Ulitsa Volkhonka, 12

Stadiums Past and Present

The curators of the Schusev Museum of Architecture in Moscow are using the World Cup as an excellent reason to do an exhibit of the rich art and history of Soviet and Russian stadiums. The first half of the show is dedicated to sketches, drawings, and photographs of some of the country’s great Soviet stadiums that varied in style from slightly avant-garde to solidly classical. The show highlights some unusual stadiums, like a U-shaped one, and brings to life the excitement of the first major sporting events held in the country. The second half is about some of the world’s best stadiums and the Russian stadiums built or reconstructed for this year’s matches, illustrated with models, photographs and designs. In addition to guides in several languages, this show will include tactile copies of three-dimensional exhibits, guided tours in sign language and accompanying texts in Braille for people with visual impairments.

Open: Tues.,Thurs., 1 p.m. to 9 p.m. Wed., Fri., Sat., Sun., 11 a.m. to 8 p.m., Closed Monday

Tickets: 300 rubles

Ulitsa Vozdvizhenka 5/25

And Football, Too, Of Course!

The Museum of Moscow is the main historical museum of the city and always looking for innovative ways to bring the extraordinarily rich past of the Russian capital to museum-goers. To mark the World Cup the Museum has joined up with the LUCH gallery to bring paintings by three artists.
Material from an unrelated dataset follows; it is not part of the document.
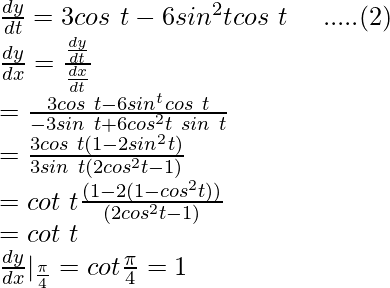 Rendered by QuickLaTeX.com \frac{dy}{dt}=3cos\ t-6sin^2tcos\ t\ \ \ \ .....(2)\\ \frac{dy}{dx}=\frac{\frac{dy}{dt}}{\frac{dx}{dt}}\\ =\frac{3cos\ t-6sin^tcos\ t}{-3sin\ t+6cos^2t\ sin\ t}\\ =\frac{3cos\ t(1-2sin^2t)}{3sin\ t(2cos^2t-1)}\\ =cot\ t\frac{(1-2(1-cos^2t))}{(2cos^2t-1)}\\ =cot\ t\\ \frac{dy}{dx}|_{\frac{\pi}{4}}=cot\frac{\pi}{4}=1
The paintings by Denis Yegelsky, Kirill Kipyatkov, and Andrei Krisanov come from the representative, classical tradition, and for them sports are still, like in ancient times, the embodiment of humanism. Come see their work, and then spend some time in the permanent collection, where you can see Moscow and its people from the city’s beginnings in the 12th century until today. The exhibits are in Russian and English, and there is an excellent book and souvenir shop, café, and children’s center.

Open: Tues., Wed., Sat., Sun., 10 a.m. to 8 p.m. Thurs., 11 a.m. to 9 p.m. Closed Monday

Tickets: 200 rubles Zubovsky Bulvar, 2

History of the Sport

History of the Sport The Karelia Pavilion at VDNKh, the grand Soviet Museum of Economic Achievements in the north of the city, is hosting a big exhibition about football in Russia and the Soviet Union. It is divided into three sections: the history of pre-revolutionary and Soviet football, a hall of fame honoring the best players of all time, and the modern history of Russian football — and hooliganism. The exhibit tells this fascinating story through cinematography, fine arts, animation, literature, photography, graphics and computer games. You can see Soviet and Russian football in rare news photos; admire football badges, banners, and other fan and player attributes lent by collectors and sports clubs; listen to “the sound of the stadium” recorded in various stadiums and various years; and see photographs and examples of less well-known Russian footballers, like village and women’s teams. In one area you can play football on old Soviet slot machines and early computer games — and learn about virtual football promoted by the Russian Federation of Cyber Football. Basically, if you are curious about Russian football, this is your one stop shop for everything to do with the sport. There is an English-language map of the show and the exhibits are labeled and described in English.